Mr Webber next relies on s.135 which appears in part VII of the MCA 1980. It reads:
Detention of offender for one day in court-house or police station.
(1)A magistrates’ court that has power to commit to prison a person convicted of an offence, or would have that power but for section 82 or 88 above, may order him to be detained within the precincts of the court-house or at any police station until such hour, not later than 8 o’clock in the evening of the day on which the order is made, as the court may direct, and, if it does so, shall not, where it has power to commit him to prison, exercise that power.
(2)A court shall not make such an order under this section as will deprive the offender of a reasonable opportunity of returning to his abode on the day of the order.
It is not arguable that the court had a “power to commit to prison” for failing to pay the charge since, as we have already explained, the appellant had been given time to pay. Even if it might be argued that the power to impose a sentence of imprisonment was a separate “power to commit to prison” the power under section 135 is an alternative to a prison. Where, as here, a sentence of imprisonment is imposed section 135 is of no application.
Finally Mr Webber referred us to section 136 MCA which reads
136 Committal to custody overnight at police station for non-payment of sum adjudged by conviction.
(1)A magistrates’ court that has power to commit to prison a person in default of payment of a sum adjudged to be paid by a summary conviction, or would have that power but for section 82 or 88 above, may issue a warrant for his detention in a police station, and, if it does so, shall not, where it has power to commit him to prison, exercise that power.
There was no default. This power does not arise. We need say no more about it.
Conclusion
We are satisfied that none of the powers upon which Mr Webber sought to rely would have permitted a District Judge (Magistrates’ Court) to take the course he advocated. It follows that even were HHJ Karu entitled to invoke s.66 and act as a District Judge (which we are satisfied she was not) it would not have permitted her to deem the charge paid in some way by a sentence of imprisonment or order of committal.
In this case the immediate imposition of the Criminal Courts Charge was inevitable. The judge’s order was correct and this appeal must be dismissed.

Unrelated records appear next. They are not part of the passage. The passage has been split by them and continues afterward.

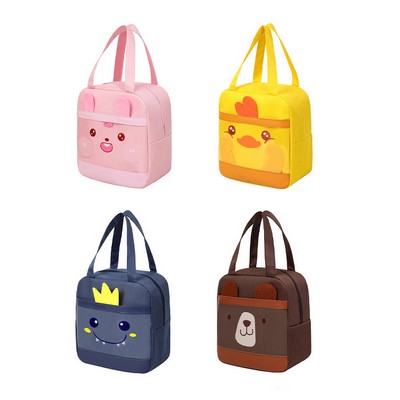 Cartoon Insulated Lunch Bag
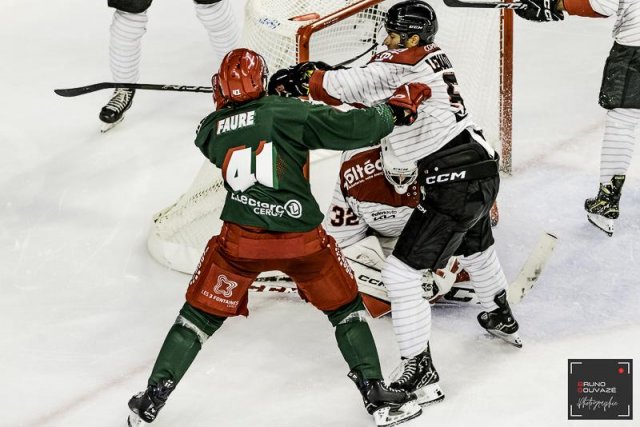 Photo hockey match Cergy-Pontoise - Bordeaux le 15/09/2023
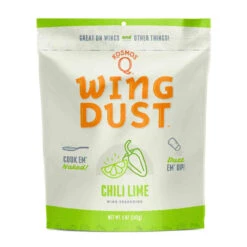 Kosmos Q Wing Dust Chili Lime Wing Seasoning 5 Oz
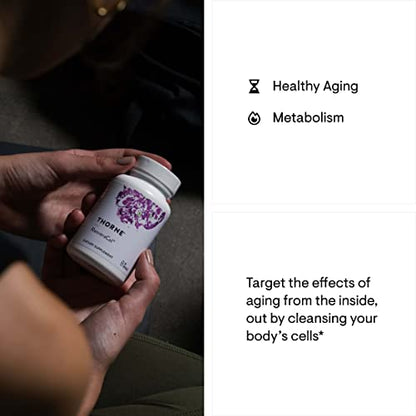 THORNE ResveraCel - Nicotinamide Riboside with Quercetin Phytosome and Resveratrol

We add that, apart from the very few cases where a defendant has the means to pay immediately upon the charge being imposed, it is very rarely, if ever, proper for a court not to give time to pay.
Whilst this specific issue is not material to our decision it follows from this judgment that if, as we have been told, a practice has developed in which the District Judge (Magistrates’ Courts) imposes an immediate term of imprisonment together with the Criminal Courts Charge and on the same occasion a period of imprisonment in respect of the non payment of the charge just imposed, this is unlawful and must stop.
Finally, this being an unsuccessful appeal against sentence we are required to impose the Criminal Courts Charge in the sum of £200. We so order and direct that there be 7 days to pay.